(Recorded information)
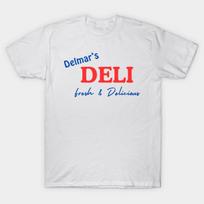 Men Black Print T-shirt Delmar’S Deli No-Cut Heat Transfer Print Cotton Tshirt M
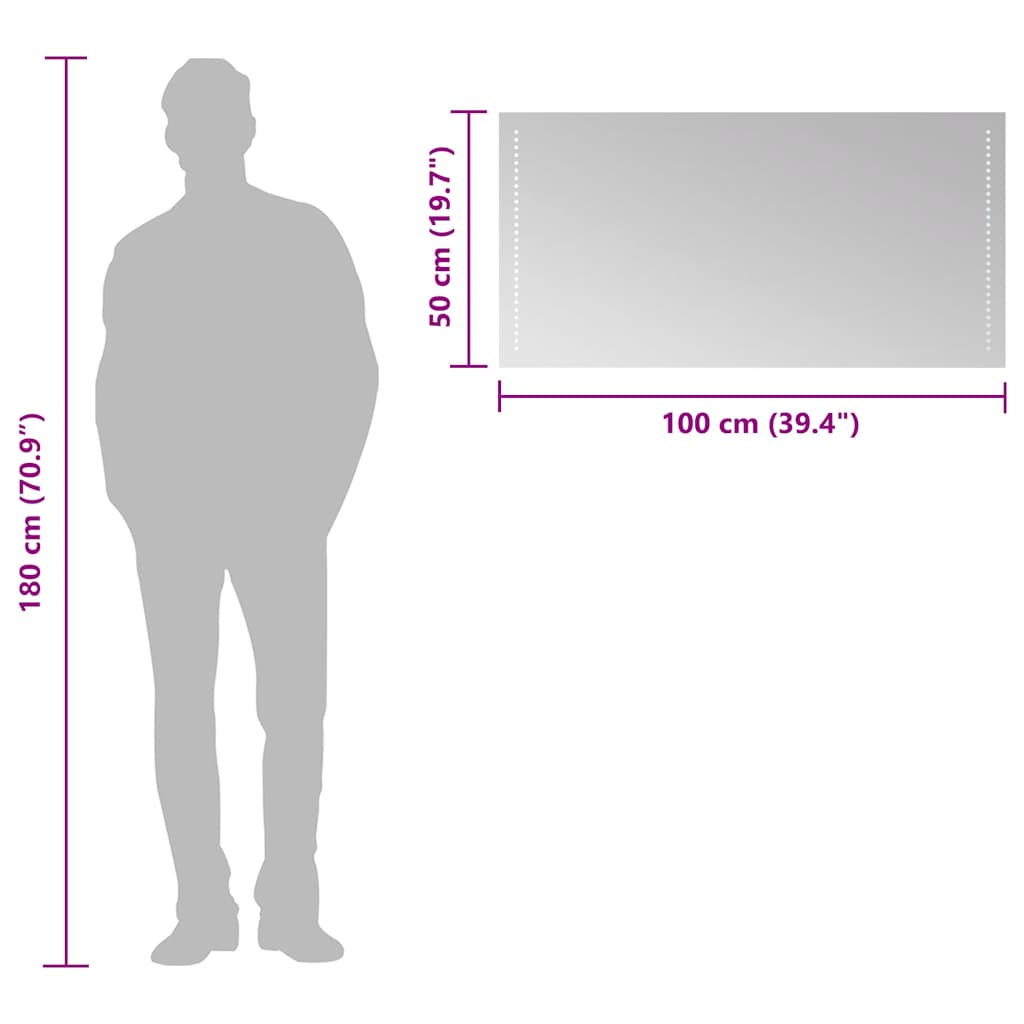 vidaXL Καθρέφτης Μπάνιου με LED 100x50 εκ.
(End Recorded information)
(Recorded information)
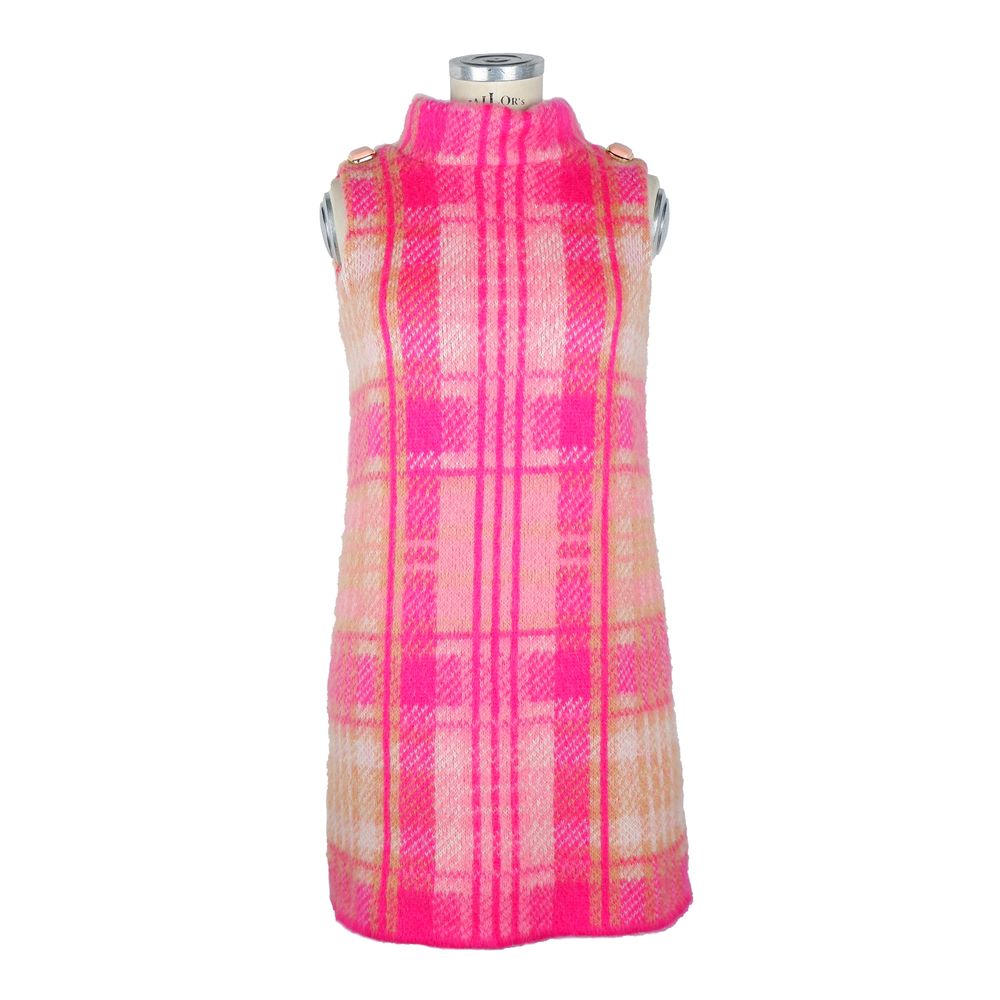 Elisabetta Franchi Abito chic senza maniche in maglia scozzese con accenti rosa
(End Recorded information)
**Instructions to follow**
Using the entries above, transcribe every line from the line containing "Men Black Print" through the line containing "vidaXL Καθρέφτης Μπάνιου με LED 100x50 εκ.". Do not copy pictures.

**Written solution**
 Men Black Print T-shirt Delmar’S Deli No-Cut Heat Transfer Print Cotton Tshirt M
 vidaXL Καθρέφτης Μπάνιου με LED 100x50 εκ.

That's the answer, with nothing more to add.